I'm asking this as someone who has no idea.
Is completely handmade really always better?
I would say no. Consistent quality has certainly improved with the use of machines. Just think of sewing machines, which ensure consistent thread tension, deliver uniform stitching, etc. Not that an artist can't do that too, but is it better? And I'd rather wait three months for something than 27 months just because it's hand-sewn.
At least for me personally, whether it's handmade or machine-made is only a psychological factor. Of course, the brain plays a role in this, and even if I had two absolutely identical products, one made by hand and one made by machine, I would still value the handmade one more. Completely irrational ;-)
Objectively speaking, it shouldn't make any difference.
The stitchdown podcast discusses this a few times with different makers in a few different episodes and I have many examples of both. There is no notable difference in durability between handwelting or GYW and the only real difference that is noted is that handwelting tends to yield a more flexible sole. I believe you have other people replying in this thread saying the same thing.I can't speak to every indo maker but I know for a fact (and they have a LOT of reels showcasing this on ig) that most of the well known ones exclusively hand stitch the outsoles (briselblack, sagara, fortis, midas/winson, kiattoko, jakkrabbits etc).

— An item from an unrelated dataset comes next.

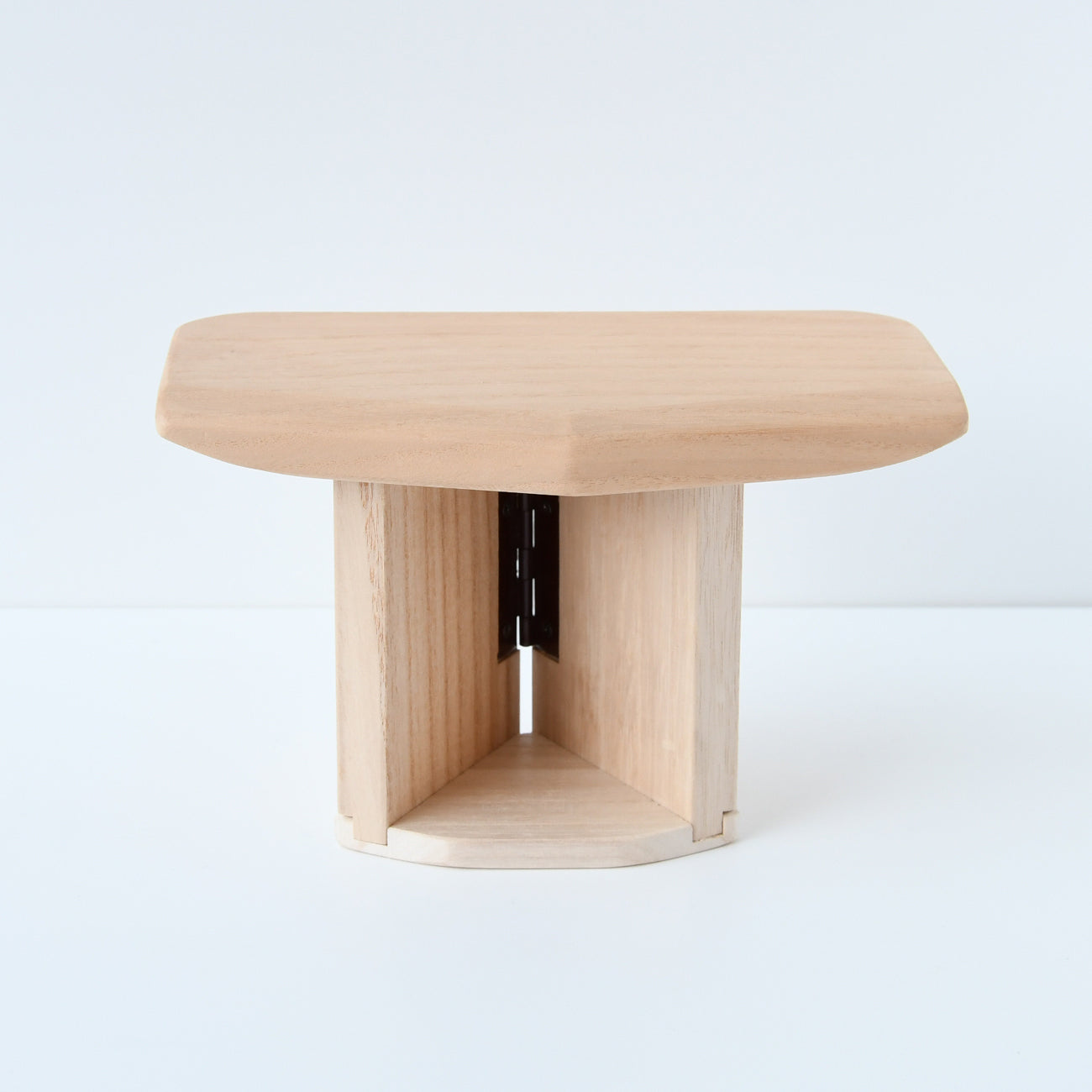 Portable Seiza stool M size / no.0051-m | Kyoto Japanese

Goodyear welting with a canvas rib is objectively mush worst than handwelting.
The canvas rib that the welt is sewn to in goodyear welting is being hold on exclusively by glue and after a while most are separated from the outsole.
I must have gotten confused with clinch, they are really mostly hand made
There is also no benefit to hand sewing outsoles on, which actually yields more inconsistent results than using a landis stitching machine, which is why Clinch and Role Club ( I have asked Brian this in person myself and watched Minoru speak about this in videos) both do not hand sew their outsoles on.